3) How accurate is the ppm value shown?

The tool reports ppm as mg/L using ppm ≈ g/L × 1000. This is a common approximation for dilute aqueous solutions. For dense or non‑aqueous mixtures, document the convention and consider a mass-based ppm definition.

4) When should I use normality?

Normality is useful in titrations where reaction equivalents matter. Provide an n-factor that matches your reaction stoichiometry. If your method defines equivalents differently, keep the same definition consistently across standards and samples.

5) Can I compute concentration without molar mass?

Not for molarity or molality.
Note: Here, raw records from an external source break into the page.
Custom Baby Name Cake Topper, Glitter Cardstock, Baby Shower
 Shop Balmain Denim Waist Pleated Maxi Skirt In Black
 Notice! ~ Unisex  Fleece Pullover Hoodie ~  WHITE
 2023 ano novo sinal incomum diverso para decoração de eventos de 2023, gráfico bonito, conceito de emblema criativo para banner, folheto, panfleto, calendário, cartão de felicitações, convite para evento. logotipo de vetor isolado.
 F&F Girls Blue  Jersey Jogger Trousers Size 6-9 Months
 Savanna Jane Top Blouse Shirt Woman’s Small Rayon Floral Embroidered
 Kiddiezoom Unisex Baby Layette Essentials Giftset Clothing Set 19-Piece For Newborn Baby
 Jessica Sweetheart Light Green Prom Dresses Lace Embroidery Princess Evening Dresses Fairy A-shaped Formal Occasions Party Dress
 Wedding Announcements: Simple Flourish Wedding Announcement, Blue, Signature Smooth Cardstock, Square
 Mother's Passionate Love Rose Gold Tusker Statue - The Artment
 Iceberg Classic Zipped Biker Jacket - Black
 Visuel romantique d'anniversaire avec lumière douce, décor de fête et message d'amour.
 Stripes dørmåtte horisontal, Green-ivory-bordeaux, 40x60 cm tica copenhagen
Molar mass converts between grams and moles. You can still interpret g/L or % values without molar mass, but molar-based units require it.

6) What density unit should I choose?

Use the unit you measured. g/mL and kg/L are numerically identical, while g/L is 1000 times larger. The calculator converts everything internally to g/mL, then derives grams per liter for reporting.

7) What assumptions are made for molality conversions?

The molality-to-molarity relation uses density and assumes a one-liter reference volume with additive mass accounting. At high concentrations, non-ideal volumes can matter, so treat results as operational values unless you have activity or partial-molar-volume corrections.

Accurate conversions help you prepare solutions with full confidence.